── DATA ──

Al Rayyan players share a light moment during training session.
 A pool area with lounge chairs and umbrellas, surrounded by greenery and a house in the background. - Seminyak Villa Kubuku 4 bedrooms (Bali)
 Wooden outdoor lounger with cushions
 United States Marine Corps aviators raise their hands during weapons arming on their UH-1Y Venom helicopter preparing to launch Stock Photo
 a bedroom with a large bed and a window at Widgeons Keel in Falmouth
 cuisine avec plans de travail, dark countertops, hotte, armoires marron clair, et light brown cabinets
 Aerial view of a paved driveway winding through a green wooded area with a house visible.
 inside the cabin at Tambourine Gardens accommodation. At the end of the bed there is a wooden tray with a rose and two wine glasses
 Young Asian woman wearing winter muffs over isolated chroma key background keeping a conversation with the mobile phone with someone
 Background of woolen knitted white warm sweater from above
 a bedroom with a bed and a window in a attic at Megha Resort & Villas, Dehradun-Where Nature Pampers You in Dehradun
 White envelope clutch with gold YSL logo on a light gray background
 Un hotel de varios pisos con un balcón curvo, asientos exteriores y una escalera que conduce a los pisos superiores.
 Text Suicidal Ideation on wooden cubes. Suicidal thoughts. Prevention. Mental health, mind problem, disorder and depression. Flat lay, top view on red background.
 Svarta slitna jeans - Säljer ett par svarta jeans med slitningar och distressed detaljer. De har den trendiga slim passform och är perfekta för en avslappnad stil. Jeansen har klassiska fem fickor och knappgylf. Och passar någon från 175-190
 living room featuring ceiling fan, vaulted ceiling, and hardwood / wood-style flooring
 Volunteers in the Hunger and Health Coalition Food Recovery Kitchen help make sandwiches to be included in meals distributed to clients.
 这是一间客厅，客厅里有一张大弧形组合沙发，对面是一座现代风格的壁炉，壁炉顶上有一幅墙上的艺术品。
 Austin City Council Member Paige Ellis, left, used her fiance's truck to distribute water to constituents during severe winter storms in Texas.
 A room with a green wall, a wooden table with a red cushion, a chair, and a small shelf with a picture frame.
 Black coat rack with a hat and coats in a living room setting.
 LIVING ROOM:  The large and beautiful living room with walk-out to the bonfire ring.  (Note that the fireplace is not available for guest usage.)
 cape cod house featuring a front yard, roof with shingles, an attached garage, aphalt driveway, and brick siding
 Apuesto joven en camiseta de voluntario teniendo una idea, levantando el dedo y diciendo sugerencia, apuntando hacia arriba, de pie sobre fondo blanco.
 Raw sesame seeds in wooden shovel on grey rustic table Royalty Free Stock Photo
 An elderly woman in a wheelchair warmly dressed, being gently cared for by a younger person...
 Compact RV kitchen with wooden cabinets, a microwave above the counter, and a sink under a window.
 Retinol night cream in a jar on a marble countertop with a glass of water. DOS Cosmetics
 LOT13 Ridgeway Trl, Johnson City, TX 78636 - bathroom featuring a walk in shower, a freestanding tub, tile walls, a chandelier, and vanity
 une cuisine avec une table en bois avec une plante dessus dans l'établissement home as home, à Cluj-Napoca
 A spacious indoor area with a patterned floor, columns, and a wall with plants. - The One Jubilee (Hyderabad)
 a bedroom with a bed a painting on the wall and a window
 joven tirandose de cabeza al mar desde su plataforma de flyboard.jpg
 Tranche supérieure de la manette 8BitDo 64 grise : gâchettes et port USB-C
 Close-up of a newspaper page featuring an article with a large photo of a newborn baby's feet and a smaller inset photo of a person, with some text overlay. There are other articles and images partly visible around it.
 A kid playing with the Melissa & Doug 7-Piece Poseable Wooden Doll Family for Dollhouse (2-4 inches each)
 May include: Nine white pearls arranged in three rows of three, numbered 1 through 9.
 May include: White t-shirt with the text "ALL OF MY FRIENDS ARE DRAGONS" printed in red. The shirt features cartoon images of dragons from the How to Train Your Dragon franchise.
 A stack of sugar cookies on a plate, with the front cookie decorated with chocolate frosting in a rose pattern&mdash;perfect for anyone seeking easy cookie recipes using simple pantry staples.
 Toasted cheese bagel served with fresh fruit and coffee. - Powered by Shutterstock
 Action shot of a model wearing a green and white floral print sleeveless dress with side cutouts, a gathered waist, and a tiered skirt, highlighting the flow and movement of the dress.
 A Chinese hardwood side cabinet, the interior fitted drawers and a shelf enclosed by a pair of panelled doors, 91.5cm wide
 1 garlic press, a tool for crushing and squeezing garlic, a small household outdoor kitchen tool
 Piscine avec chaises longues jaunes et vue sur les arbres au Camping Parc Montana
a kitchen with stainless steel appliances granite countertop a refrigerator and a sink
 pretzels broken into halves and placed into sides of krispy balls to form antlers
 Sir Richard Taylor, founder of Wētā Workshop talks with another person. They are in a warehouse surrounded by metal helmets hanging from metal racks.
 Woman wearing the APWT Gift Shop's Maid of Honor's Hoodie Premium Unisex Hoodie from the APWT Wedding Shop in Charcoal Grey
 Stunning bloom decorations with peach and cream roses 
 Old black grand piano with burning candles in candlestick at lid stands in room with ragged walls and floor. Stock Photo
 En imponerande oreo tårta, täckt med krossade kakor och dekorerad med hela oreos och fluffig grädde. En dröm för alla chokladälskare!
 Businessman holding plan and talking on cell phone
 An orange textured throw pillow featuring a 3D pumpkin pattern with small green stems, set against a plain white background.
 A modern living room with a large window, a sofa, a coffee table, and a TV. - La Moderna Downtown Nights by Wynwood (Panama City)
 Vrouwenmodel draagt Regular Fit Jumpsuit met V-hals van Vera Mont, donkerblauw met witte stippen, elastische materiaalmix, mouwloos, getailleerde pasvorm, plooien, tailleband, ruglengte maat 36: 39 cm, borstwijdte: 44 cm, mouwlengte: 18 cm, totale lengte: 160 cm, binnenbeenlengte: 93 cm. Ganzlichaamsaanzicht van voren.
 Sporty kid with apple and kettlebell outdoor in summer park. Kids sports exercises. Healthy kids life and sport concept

───

_GOAL OF THE EXERCISE_
Take the entries above and return only the lines from the one with "A kid playing" to the one with "Stunning bloom decorations", both included, unchanged.

_THE COMPLETED TASK_
 A kid playing with the Melissa & Doug 7-Piece Poseable Wooden Doll Family for Dollhouse (2-4 inches each)
 May include: Nine white pearls arranged in three rows of three, numbered 1 through 9.
 May include: White t-shirt with the text "ALL OF MY FRIENDS ARE DRAGONS" printed in red. The shirt features cartoon images of dragons from the How to Train Your Dragon franchise.
 A stack of sugar cookies on a plate, with the front cookie decorated with chocolate frosting in a rose pattern&mdash;perfect for anyone seeking easy cookie recipes using simple pantry staples.
 Toasted cheese bagel served with fresh fruit and coffee. - Powered by Shutterstock
 Action shot of a model wearing a green and white floral print sleeveless dress with side cutouts, a gathered waist, and a tiered skirt, highlighting the flow and movement of the dress.
 A Chinese hardwood side cabinet, the interior fitted drawers and a shelf enclosed by a pair of panelled doors, 91.5cm wide
 1 garlic press, a tool for crushing and squeezing garlic, a small household outdoor kitchen tool
 Piscine avec chaises longues jaunes et vue sur les arbres au Camping Parc Montana
a kitchen with stainless steel appliances granite countertop a refrigerator and a sink
 pretzels broken into halves and placed into sides of krispy balls to form antlers
 Sir Richard Taylor, founder of Wētā Workshop talks with another person. They are in a warehouse surrounded by metal helmets hanging from metal racks.
 Woman wearing the APWT Gift Shop's Maid of Honor's Hoodie Premium Unisex Hoodie from the APWT Wedding Shop in Charcoal Grey
 Stunning bloom decorations with peach and cream roses 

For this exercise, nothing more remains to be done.